Um interpretação livre de um trecho do livro: A maioria de nós aprendemos a evitar o sofrimento, não aprendemos a buscar o prazer. Alguns e algumas de nós consegue reverter essa aprendizagem e focar a vida na busca do prazer. Ocorre que o foco na busca do prazer não significa a negação do sofrimento, pelo contrário, o sofrimento faz parte da vida, porém o foco muda para a busca do prazer. 

Então, é como se prazer e sofrimento entrassem pelos mesmos poros. O sofrimento entra ... eu vivencio o mesmo ... e sai ... e eu reoriento a vida para o meu foco de busca de prazer. 

Enquanto que, do modo aprendido na nossa sociedade, "O que muito se evita se convive": Eu fecho os poros para evitar o sofrimento... e ocorre que, com os poros fechados, o prazer também não entra... é o morno, a 'não vida'. 

Recuperando esse conceito, a propósito do tema CONFLITO, recebo pequeno trecho da nossa Adélia Prado sobre o sofrimento:

https://www.instagram.com/reel/Cq_uO9ftkdf/?igshid=MDJmNzVkMjY=

Recebi muitos retornos sobre o tema CONFLITO... muita gente, além de querendo saber mais sobre o tema, relatando conflitos abertos que geraram mudança,  movimento, vida... algumas vezes não na direção desejada, mas sempre na direção de uma maior liberdade tanto interna quando a liberdade para agir e crescer na vida. Foi muito bom, me trouxe alegria e mais vontade de escrever e contar esses casos e reflexões.

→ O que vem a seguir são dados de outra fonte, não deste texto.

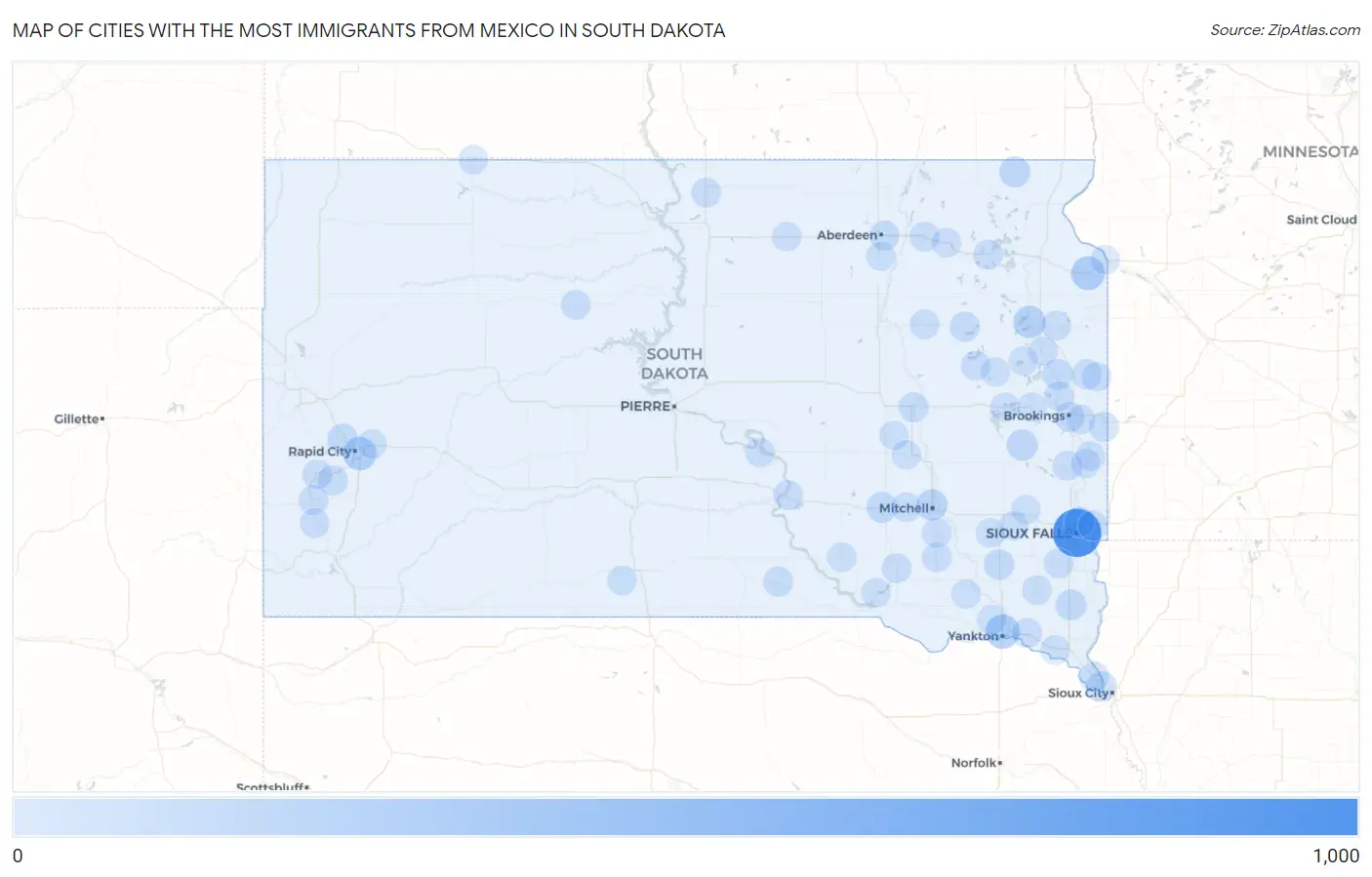Cities with the Most Immigrants from Mexico in South Dakota Map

Dois deles, um no nível de relações de trabalho e outro, digamos, de gênero... parece que nós, mulheres, estamos mais dispostas a abrir conflitos e crescer com eles.

Vamos ao primeiro na ordem em que recebi, o "conflito feminino": 

- "TU, lendo seu texto sobre conflito, a primeira coisa que me ocorreu foi mudar meu conceito: falo muito de busca de equilíbrio e percebi que essa expressão, talvez importada  do oriente e erroneamente "adaptada" a nossa sociedade, pode nos levar a grandes distorções. Tendemos a buscar um equilíbrio estático quando, na verdade, equilíbrio é, também, movimento, tudo na vida é movimento. Por isso gostei demais desse "novo conceito" que você coloca: tese, antítese, síntese... que já chega num novo ponto de movimento, ou seja, a síntese, uma conclusão minha a respeito de qualquer assunto, já é uma nova tese, portanto já pode aparecer uma antítese... uma nova síntese... e por aí vai... 

Experimentei fazer isso e "enxerguei"... constatei o valor desse movimento, percebi, no movimento, como me sentia viva... foi sobre uma coisa que já ouvi de você, uma "característica feminina" que internalizamos desde que nascemos...  "aprendemos" a onipotência, junto com o eterno sentimento de culpa, que você diz que é o outro lado da mesma moeda. Pois então, o movimento de superação desse conflito, eu descobri, trata-se da "descoberta" de que essa "estrutura" serve para desempenharmos - e de maneira 'perfeita' -  nossos papéis sociais (grande esposa, mãe perfeita, dona de casa perfeita, grande profissional... e por aí vai... ou seja, nosso papel de 'cuidar do mundo').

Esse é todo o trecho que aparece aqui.